TASK DESCRIPTION
Report each line of the records where "with" occurs.

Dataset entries
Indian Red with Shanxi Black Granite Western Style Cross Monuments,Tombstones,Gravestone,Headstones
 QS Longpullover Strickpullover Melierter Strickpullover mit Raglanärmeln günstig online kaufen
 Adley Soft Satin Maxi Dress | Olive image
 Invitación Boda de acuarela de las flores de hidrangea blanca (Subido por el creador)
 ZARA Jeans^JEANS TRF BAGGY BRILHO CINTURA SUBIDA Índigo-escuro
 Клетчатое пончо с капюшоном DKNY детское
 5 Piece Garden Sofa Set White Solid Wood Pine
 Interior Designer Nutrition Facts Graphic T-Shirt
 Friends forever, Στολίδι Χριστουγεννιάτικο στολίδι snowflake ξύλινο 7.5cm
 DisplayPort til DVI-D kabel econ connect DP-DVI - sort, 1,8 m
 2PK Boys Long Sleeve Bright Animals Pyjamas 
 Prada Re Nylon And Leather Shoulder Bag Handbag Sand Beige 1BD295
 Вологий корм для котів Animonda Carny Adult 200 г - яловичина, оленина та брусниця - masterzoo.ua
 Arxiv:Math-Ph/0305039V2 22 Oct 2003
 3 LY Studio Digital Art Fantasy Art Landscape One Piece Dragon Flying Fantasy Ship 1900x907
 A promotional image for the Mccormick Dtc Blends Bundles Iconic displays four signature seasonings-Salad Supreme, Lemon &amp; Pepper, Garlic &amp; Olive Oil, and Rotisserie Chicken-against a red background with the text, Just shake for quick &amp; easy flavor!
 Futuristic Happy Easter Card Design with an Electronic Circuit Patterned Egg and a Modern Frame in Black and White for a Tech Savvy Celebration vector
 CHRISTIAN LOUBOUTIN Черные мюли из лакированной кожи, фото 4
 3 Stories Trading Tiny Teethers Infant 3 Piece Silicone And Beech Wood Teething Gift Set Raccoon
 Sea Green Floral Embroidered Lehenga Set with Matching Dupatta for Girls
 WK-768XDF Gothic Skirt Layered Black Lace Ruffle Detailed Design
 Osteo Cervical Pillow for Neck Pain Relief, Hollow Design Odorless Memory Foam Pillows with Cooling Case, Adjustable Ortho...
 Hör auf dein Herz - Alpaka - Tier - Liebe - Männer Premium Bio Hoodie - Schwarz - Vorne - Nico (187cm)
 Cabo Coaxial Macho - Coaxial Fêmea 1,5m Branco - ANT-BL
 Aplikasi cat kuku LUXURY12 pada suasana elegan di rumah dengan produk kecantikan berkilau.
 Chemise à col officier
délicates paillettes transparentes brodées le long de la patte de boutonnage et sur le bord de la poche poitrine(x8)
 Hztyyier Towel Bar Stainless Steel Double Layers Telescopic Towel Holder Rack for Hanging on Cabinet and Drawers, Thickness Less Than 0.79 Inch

THE ANSWER
Indian Red with Shanxi Black Granite Western Style Cross Monuments,Tombstones,Gravestone,Headstones
 A promotional image for the Mccormick Dtc Blends Bundles Iconic displays four signature seasonings-Salad Supreme, Lemon &amp; Pepper, Garlic &amp; Olive Oil, and Rotisserie Chicken-against a red background with the text, Just shake for quick &amp; easy flavor!
 Futuristic Happy Easter Card Design with an Electronic Circuit Patterned Egg and a Modern Frame in Black and White for a Tech Savvy Celebration vector
 Sea Green Floral Embroidered Lehenga Set with Matching Dupatta for Girls
 Osteo Cervical Pillow for Neck Pain Relief, Hollow Design Odorless Memory Foam Pillows with Cooling Case, Adjustable Ortho...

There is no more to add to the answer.